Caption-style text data
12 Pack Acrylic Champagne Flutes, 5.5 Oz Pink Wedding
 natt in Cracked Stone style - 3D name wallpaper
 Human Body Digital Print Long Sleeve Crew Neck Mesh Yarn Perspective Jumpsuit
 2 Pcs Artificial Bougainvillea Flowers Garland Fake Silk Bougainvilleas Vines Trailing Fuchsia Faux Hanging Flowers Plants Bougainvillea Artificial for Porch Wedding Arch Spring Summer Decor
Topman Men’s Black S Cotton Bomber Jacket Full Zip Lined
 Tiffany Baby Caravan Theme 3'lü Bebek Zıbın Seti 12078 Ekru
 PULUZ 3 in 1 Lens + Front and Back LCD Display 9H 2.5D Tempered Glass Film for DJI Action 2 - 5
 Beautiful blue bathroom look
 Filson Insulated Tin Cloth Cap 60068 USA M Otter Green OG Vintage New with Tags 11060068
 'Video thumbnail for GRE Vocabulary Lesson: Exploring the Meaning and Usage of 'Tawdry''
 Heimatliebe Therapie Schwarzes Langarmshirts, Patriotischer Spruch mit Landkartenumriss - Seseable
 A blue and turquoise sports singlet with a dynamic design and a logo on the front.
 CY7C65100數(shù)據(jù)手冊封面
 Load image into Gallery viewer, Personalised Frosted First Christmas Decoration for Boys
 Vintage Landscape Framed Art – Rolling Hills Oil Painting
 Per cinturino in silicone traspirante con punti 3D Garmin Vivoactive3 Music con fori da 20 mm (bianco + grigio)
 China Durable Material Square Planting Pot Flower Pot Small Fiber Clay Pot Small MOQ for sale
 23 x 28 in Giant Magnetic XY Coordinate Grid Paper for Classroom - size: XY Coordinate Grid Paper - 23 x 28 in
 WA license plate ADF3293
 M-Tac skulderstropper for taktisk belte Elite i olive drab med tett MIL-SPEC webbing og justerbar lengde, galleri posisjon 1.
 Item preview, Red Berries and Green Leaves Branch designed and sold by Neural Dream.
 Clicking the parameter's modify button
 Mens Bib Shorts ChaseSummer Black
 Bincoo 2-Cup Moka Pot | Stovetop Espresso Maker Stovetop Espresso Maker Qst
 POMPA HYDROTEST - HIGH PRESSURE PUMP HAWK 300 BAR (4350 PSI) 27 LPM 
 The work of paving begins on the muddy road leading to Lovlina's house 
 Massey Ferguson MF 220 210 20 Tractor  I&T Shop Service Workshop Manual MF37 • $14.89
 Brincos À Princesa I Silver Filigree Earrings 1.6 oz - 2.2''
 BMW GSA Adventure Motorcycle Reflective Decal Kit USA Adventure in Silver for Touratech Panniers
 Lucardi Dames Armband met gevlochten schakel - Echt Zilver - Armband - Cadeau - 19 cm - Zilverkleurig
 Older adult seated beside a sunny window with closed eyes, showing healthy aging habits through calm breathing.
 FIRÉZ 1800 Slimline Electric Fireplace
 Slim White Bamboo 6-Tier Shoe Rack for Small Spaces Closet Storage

PROBLEM DESCRIPTION:
Only the number is wanted: count the lines of the records that hold the word "Black".

SOLUTION TO THE EXERCISE:
2